O resultado disso são mais de 50 netos e 60 bisnetos –ninguém da família sabe dizer qual é o numero exato de descendentes de Orides.
Neste ano, nem todos os parentes compareceram à ceia de Natal.
A família Souza, que vivia em dez casas no vilarejo de Bento Rodrigues, em Mariana (MG), está espalhada desde o dia 5 de novembro, quando uma barragem da mineradora Samarco, que tem como sócias a Vale e a anglo-australiana BHP Billiton, se rompeu.
No acidente, cerca de 40 bilhões de litros de lama vazaram, gerando um 'tsunami' que destruiu o vilarejo, matou peixes, invadiu o litoral e deixou um saldo de ao menos 17 mortos –há ainda dois desaparecidos.
CEIA EM PÉ
O assunto não podia ser outro na "ceia" da família Souza, improvisada em uma casa alugada pela Samarco. A árvore, o cachorro, memórias de Bento Rodrigues –nada escapou do encontro.
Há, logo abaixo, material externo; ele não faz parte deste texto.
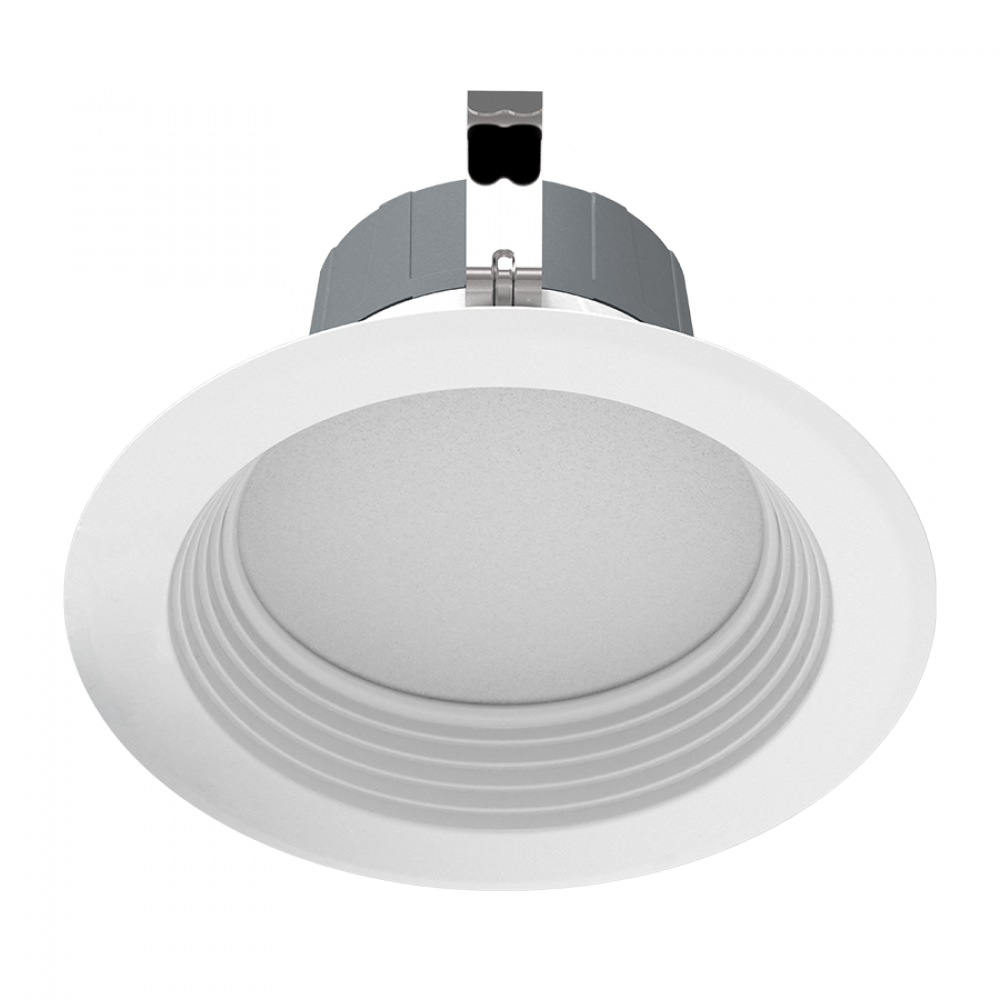 RETROFIT DOWNLIGHTS 715 LUMENS RETROFIT DOWNLIGHT 8W 4 INCHES ROUND 90CRI 5000K 120V WHITE BAFFLE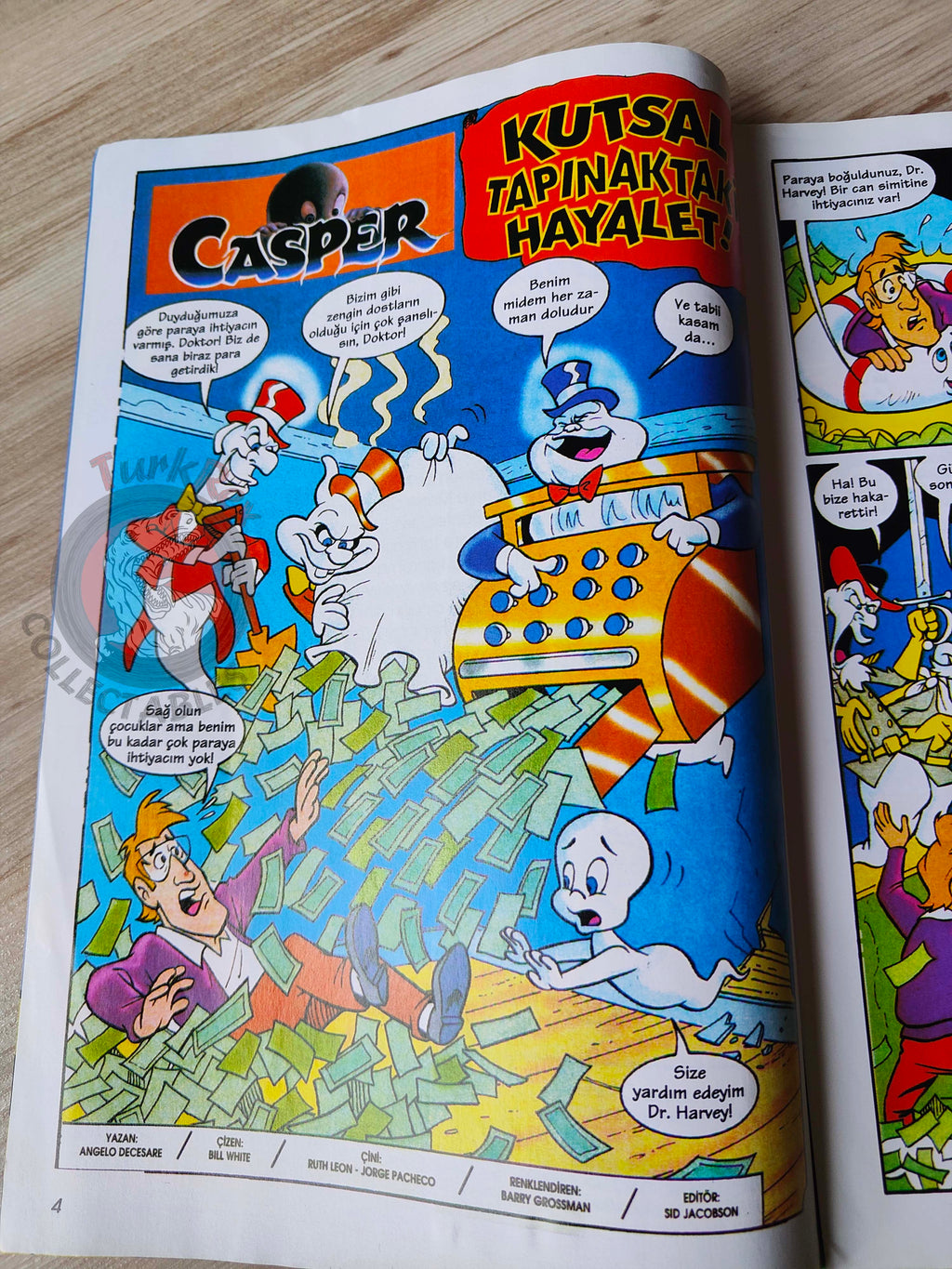 Casper the Friendly Ghost Magazine – Issue #10 2006 Turkish Comic Turkey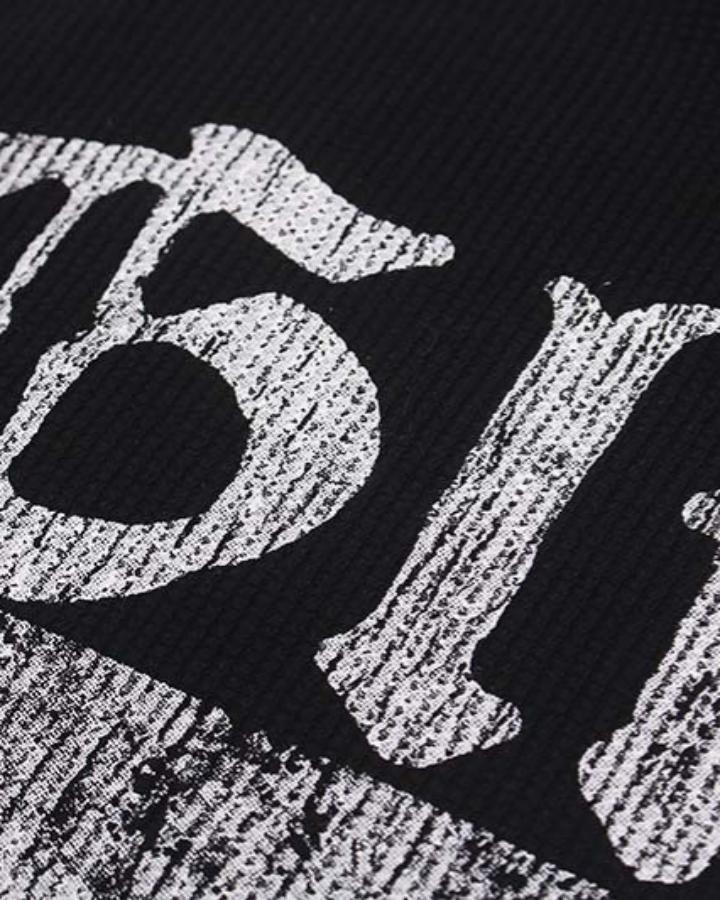 American Vintage-Style Rivet-Detail Graphic T-Shirt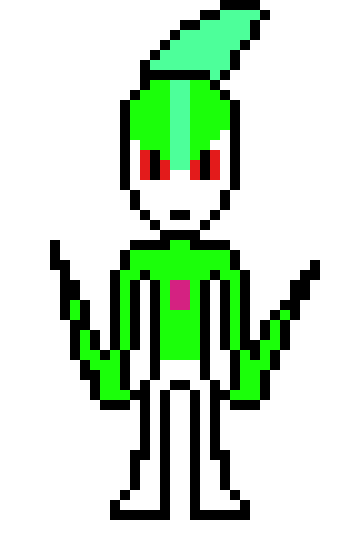 [9664c4] Gallade Pixel Art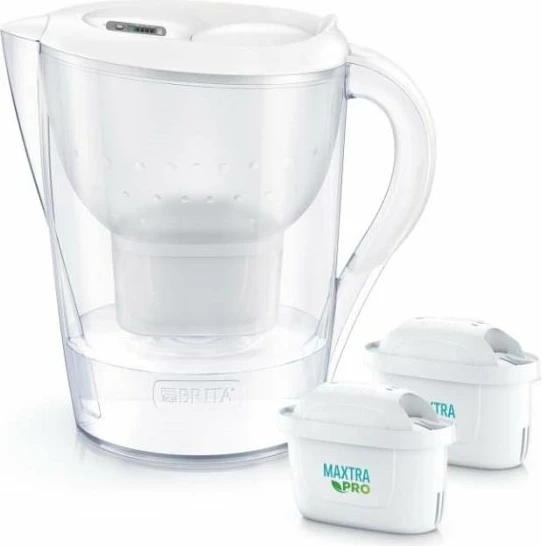 Filtruese uji BRITA Marella XL me 2 patrona MaxtraPro PP, e bardhë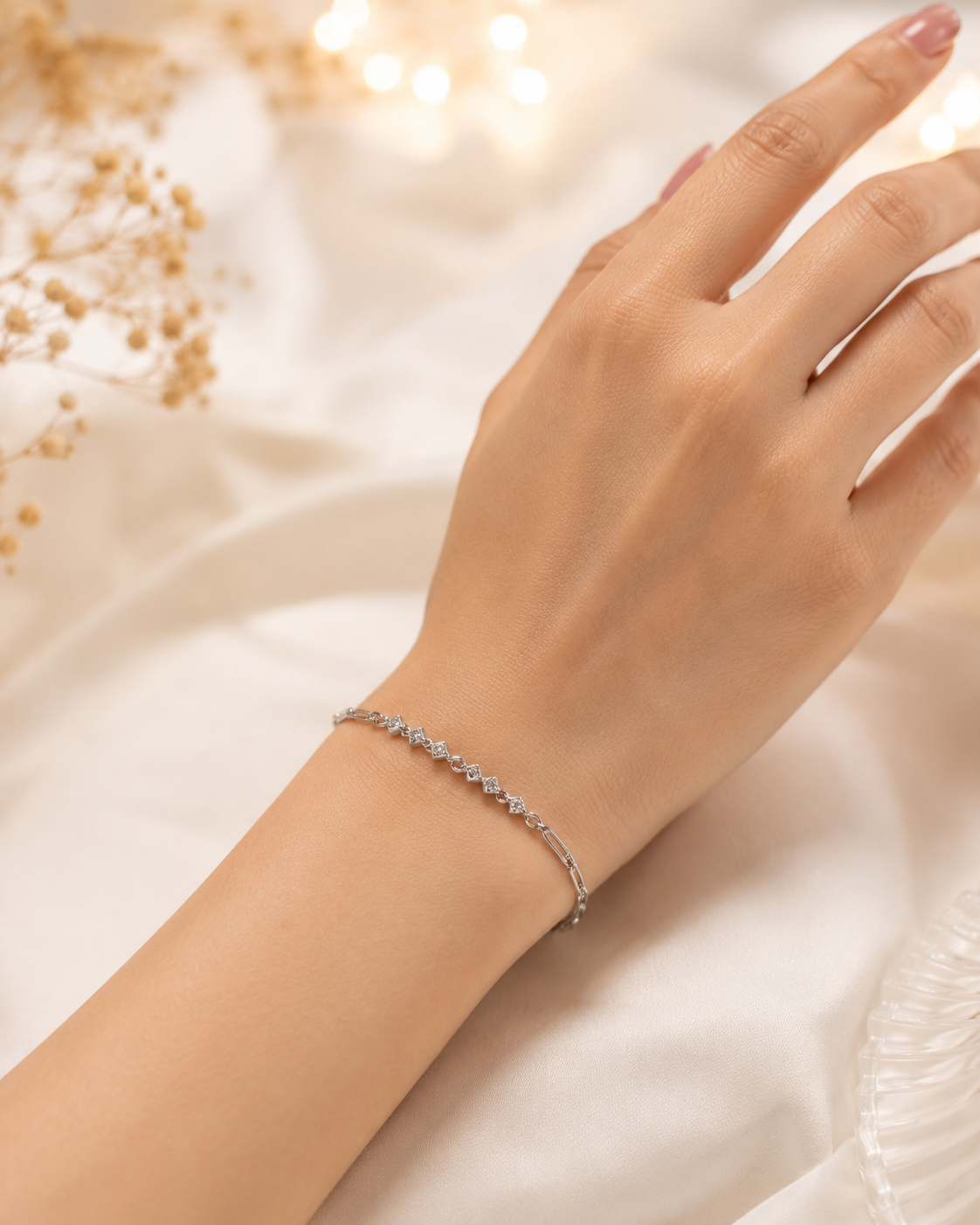 Silver Spark Chain Bracelet 925 Sterling Silver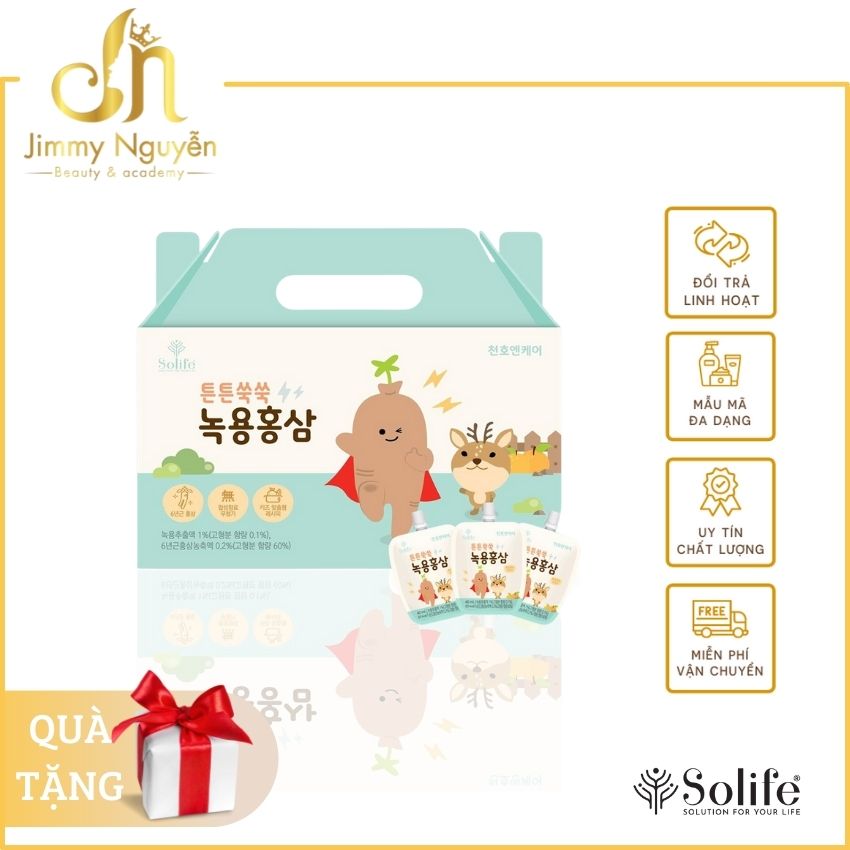 Hồng sâm nhung hưu trái cây chunho solife tăng sức đề cho bé top 3 hàn quốc- jimmy nguyễn solife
Não havia cadeiras para todos na nova casa.
De pé, embaladas por cerveja, a família dançou a música sertaneja que saía de um pequeno rádio pendurado no telhado por um arame.
"Não temos do que reclamar, estamos vivos" afirmou Sandra Maria de Souza, 48, filha de dona Orides. Nenhum integrante da família morreu na tragédia.
"Eu vi a lama chegando e pensei que todos estavam mortos", diz Sandra. "É um alívio poder ver todos vivos".
Um celular, passado de mão em mão entre os membros da família, mostrava um vídeo, gravado após a tragédia, com uma borboleta cujas asas tinham um desenho que lembrava Nossa Senhora de Aparecida.
A família, conformada com a situação, tentava se adaptar à vida no centro de Mariana, que concentra a maioria dos 58 mil moradores da cidade. "De antes pra agora? Diferença demais. Tranquilidade, só quem vivia ali [em Bento Rodrigues] sabe", dizia uma das filhas de Orides.
NADA A COMEMORAR
Segundo a mineradora Samarco, 908 pessoas foram realocadas após a tragédia, a maioria delas em imóveis mobiliados pela empresa ou em casas de parentes.
Marly de Fátima Felipe, 32, mora atualmente no centro de Mariana, no alto de um prédio de dois andares. Faz menos de um mês que enterrou a mãe, morta na tragédia.
Enquanto abana sua filha de 3 anos, reclama do calor e da falta de espaço. "Antes eu tinha áreas para estender roupa na frente e atrás de casa, hoje só tem isso aqui."